Surrey heath, or rather Surrey’s heaths as they are many, is a landscape which is world away from the jumbled suburb and urban sprawl for the rest of the north of the county.  It is a good starting point to explore all these aspects of a jumbled county in a two day walk, from Chobham to Downing Street, passing through northern Surrey and into Middlesex.

I call it a two-day walk but this is army country and I would not be totally surprised to see man going at it in one.  Chobham is famous for its tank armour, and close by and using the heaths all around are the Bisley ranges, the Deepcut Barracks and just to the north is Sandhurst.

A starting route can be added from Camberley Station cutting through the town and east across the heath.

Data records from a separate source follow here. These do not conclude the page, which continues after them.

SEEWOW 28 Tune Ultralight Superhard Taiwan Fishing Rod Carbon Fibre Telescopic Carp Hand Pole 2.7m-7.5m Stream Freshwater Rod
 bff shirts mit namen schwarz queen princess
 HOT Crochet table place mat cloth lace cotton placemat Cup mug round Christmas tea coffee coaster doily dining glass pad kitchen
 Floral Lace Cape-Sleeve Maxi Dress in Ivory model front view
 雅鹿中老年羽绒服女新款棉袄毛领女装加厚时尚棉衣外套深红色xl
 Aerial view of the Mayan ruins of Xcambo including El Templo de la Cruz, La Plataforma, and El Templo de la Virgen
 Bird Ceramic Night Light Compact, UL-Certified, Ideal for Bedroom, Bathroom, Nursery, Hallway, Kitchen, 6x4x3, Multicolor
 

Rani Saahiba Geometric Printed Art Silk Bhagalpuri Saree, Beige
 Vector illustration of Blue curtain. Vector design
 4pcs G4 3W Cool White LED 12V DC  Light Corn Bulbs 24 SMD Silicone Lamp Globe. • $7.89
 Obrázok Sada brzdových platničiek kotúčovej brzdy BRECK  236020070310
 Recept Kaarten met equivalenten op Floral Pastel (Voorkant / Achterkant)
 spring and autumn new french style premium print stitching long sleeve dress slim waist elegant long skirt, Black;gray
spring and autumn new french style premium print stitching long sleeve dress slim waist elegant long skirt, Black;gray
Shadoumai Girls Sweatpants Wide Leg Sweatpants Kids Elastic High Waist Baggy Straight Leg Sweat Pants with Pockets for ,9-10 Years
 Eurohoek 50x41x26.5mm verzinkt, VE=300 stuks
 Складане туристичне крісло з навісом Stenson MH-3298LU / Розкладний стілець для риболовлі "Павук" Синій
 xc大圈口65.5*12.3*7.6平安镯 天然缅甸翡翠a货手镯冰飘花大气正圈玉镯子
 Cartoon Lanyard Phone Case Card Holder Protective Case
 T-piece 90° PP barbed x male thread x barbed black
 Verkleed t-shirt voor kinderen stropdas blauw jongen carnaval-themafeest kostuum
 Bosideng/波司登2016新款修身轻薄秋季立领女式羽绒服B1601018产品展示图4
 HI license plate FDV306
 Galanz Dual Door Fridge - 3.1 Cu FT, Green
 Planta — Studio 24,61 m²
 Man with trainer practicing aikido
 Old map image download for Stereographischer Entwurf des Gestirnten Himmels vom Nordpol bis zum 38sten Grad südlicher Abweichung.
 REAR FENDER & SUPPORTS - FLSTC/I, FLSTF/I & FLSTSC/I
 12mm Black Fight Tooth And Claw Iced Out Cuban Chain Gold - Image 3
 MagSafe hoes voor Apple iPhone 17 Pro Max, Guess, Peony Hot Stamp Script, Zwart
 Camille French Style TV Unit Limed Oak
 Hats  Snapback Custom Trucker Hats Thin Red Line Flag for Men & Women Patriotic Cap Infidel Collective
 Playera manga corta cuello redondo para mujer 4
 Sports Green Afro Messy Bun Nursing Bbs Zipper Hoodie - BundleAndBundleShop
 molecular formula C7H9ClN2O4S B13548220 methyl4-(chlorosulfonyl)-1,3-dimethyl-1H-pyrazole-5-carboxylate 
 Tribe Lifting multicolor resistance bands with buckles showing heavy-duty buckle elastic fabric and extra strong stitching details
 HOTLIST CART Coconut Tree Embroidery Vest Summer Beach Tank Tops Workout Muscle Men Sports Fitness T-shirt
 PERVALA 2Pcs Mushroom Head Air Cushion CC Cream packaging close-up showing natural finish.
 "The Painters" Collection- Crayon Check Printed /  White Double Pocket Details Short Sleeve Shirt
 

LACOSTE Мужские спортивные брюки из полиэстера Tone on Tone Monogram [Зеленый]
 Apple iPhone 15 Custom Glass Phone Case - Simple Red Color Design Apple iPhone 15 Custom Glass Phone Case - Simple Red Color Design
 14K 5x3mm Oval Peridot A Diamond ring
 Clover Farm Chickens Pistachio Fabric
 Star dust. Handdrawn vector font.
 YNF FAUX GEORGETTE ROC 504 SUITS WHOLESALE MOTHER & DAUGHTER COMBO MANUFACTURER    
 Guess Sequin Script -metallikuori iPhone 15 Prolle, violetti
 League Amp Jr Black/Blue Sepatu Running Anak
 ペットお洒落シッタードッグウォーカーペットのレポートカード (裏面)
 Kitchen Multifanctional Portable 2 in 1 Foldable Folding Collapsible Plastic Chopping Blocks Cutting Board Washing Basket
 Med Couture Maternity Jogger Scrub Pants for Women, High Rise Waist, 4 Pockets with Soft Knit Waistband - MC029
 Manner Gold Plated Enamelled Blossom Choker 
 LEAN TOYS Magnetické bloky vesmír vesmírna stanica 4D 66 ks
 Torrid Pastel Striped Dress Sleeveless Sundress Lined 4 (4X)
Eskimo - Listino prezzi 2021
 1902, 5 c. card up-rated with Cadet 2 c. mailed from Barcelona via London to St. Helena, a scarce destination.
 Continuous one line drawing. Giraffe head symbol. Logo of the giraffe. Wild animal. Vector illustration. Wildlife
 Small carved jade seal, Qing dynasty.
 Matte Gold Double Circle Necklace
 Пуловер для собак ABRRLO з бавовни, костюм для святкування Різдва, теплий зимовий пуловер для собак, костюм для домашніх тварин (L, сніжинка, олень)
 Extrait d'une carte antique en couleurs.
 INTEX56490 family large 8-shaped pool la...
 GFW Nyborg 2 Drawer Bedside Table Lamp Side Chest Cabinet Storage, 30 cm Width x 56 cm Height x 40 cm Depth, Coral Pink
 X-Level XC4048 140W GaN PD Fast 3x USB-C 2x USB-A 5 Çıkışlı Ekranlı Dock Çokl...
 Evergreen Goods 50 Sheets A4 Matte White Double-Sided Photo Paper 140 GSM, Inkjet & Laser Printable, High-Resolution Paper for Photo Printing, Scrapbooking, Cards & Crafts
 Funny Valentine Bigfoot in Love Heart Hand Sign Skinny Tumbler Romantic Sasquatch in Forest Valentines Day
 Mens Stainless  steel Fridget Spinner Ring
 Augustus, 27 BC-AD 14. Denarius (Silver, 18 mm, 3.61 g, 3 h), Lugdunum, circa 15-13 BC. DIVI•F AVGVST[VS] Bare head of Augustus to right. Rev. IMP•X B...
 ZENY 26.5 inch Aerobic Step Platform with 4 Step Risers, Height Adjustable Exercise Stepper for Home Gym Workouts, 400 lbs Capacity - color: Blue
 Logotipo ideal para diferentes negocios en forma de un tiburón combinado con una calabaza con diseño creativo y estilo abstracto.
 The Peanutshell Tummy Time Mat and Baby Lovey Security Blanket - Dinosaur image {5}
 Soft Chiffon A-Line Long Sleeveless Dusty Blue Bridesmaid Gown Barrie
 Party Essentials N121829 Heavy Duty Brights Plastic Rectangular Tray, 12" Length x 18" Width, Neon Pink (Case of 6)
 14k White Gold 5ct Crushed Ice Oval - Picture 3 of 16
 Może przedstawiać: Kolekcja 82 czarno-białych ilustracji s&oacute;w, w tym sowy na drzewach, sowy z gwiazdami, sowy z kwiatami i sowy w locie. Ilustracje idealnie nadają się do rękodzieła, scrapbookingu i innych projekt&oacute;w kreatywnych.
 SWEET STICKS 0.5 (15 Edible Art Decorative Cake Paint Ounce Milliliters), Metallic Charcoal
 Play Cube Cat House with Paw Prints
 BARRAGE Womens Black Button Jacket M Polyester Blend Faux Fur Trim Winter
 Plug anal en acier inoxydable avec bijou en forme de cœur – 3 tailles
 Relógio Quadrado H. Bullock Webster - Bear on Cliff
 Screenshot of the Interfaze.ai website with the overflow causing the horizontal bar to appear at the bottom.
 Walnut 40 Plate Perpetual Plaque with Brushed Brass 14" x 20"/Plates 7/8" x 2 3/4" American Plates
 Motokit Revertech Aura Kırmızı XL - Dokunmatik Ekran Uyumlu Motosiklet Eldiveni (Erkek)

The footpath runs between live firing ranges, so for anyone contemplating going from the Surrey heath to Downing Street – try not to get shot.

From Chobham the route runs across the heathland to the River Wey, along the towpath of the Navigation to the Thames, along the Thames Path, through two Royal Parks and ultimately across the Thames and to the gates of Downing Street.

A route map is provided on the main page.  One thing it cannot do it tell you how to get into Downing Street – that may be achieved with ambition and guile.

Main article:

From Esher to Downing Street

How to get from Esher to Downing Street? On this new one-day route, the walker starts from a church patronised by the Duke of Newcastle; then follows in the footsteps of Robert Walpole, the first Prime Minister, plotting his way to Westminster and the eventual goal.

It is out of care for my home village that I present this new walking route:  Esher to Downing Street.  It begins at St George’s Church, then runs  across towns and parks, shunning the everyday run of things and allowing one who has set his mind to the goal to reach it in a very pleasant and direct manner.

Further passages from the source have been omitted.